Thanks for the opportunity! I am very glad to have your interest. When I’m not writing, I am making art: esart.com

When did you start writing?

When I was very young. I wrote (what I thought) were poems. I started writing short stories by the time I was 14 or 15.

As a published author, what would you say was the most pivotal point of your writing life?

When I was working with real professionals (editors and such) and later receiving various types of rejection, I began to crumble. It didn’t matter if the rejection had nothing to do with my writing. I also got what seemed like 1000 outside opinions from “experts.” But only a fraction of their advice was actually useful. I had to fall to the absolute bottom of self-doubt before I had no other choice than to trust my own instincts. I seemed to rise from the gutter then and start listening to the writing voice I’d heard inside me all along. It got easier.

If you could go anywhere in the world to start writing your next book, where would that be and why?

Preferably somewhere in the High Deserts of California, like Joshua Tree. I’ve always had the most success writing out there because I love the climate and the deafening silence. All you can hear are the birds and the wind. I write and nap and definitely leave all the worries from home behind. It feels like home for my soul or something like that.

If you had 4 hours of extra time today, what would you do?

Lay down with my dog and tell her jokes until we fell asleep.

Where would you like to set a story that you haven’t done yet?

New York or Italy.

Back to your present book, Shrapnel in the San Fernando Valley, how did you publish it?

After making a valiant attempt at trying to find a fancy NY agent and getting nowhere, I finally decided to create my own independent press. I already operate one for my own Artist’s book (Careless Press), which consist of handmade editions—and though this endeavor is not the same, I felt if I studied up on publishing commercial books enough, maybe I could pull it together. So it’s a hybrid publication because I’m in a partnership with an independent press and use IngramSpark distribution.

In writing your book, did you travel anywhere for research?

I did, but those parts of my story did not end up in the finial version of my book. I went to Chicago to help my backstory regarding my mom. Earlier versions had many chapters dedicated to my parents’ stories growing up, and even their families before them. All that got edited out.
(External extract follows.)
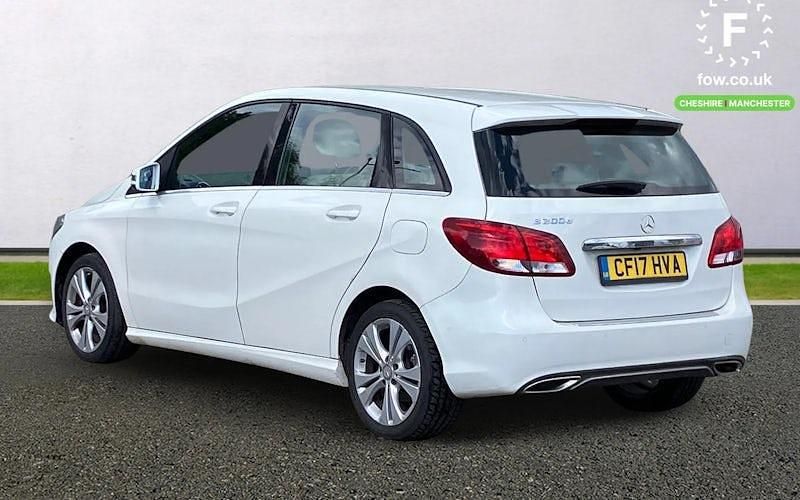 Used Mercedes B200 136 HP (100 kW) 2017 White MPV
Why was writing Shrapnel in the San Fernando Valley so important to you?

That’s an interesting question with a multi-prong answer, but I’ll try to keep it simple. While I wasn’t always sure I was going to publish this book, writing it was important for me as a form of catharticism. I needed to know what happened in my life if only as facts. Once I got the information down, I needed to evaluate my true connection to the scenes. That was perhaps the hardest part of the process—facing the ugliest moment of my part. And in order to make the book look interesting and not just a confession, I felt the need to share my present perspective and what I learned from it (if anything). Either way, I wanted to be honest and hoped someone out there would be able to relate. I knew I was putting out a vulnerable book, but I knew I’d feel free in the end to speak out for people like me.

Where do you get your best ideas and why do you think that is?

I get my ideas from real life. Even my fiction comes from real life. There’s nothing more absurd.

Any final words?

Keep going if you’re able. Even if you’re not, go through the motions anyway. Keep pushing and pushing along as a robot would until your great epiphany comes. Who knows? Maybe along the way, the pushy robot produces something brilliant while you weren’t even looking.